Q: Have your free agent losses this offseason changed your thought process at all in terms of drafting where you might have drafted something else?
BB: No, I don't think so. I don't think you can do it that way. I really don't. You can't create players. You have to draft the board based on what your options are and as soon as you start taking players truly based on need, if they can't fill that need, then you have to come back the next year or the next pick and you're drafting again for the same spot and you haven't filled anything other than putting a name on a piece of cardboard and putting it up on the depth chart.
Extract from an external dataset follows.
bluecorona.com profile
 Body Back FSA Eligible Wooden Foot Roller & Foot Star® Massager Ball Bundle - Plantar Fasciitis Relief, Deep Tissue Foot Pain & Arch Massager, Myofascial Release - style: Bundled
You really don't have anything if the player can't fulfill that expectation or that role that you think you drafted him for. I think you're a lot better off drafting players that can perform on your team in a role that you need or in a role that gives some value to the team. Sometimes players aren't there at the position you want them, but you can't manufacture them. You just have to take the player that helps your team the most at that point, even if it's at a position that may not be necessarily the top need.
Again, to go back to when I was with the Giants. We drafted Lawrence Taylor and we had Lawrence Taylor and Brad VanPelt and we took Carl Banks and nobody liked that pick. That was a pretty stupid pick, why would you take Banks when you have VanPelt and Taylor? It turned out to be probably one of our best picks at the Giants.
I think you have to take guys that you think are good football players. Putting the team together that's certainly a process you have to go through. But to try to manufacture somebody, 'We need this position,' and then take a guy and he doesn't end up being able to do the job, then you still need that position.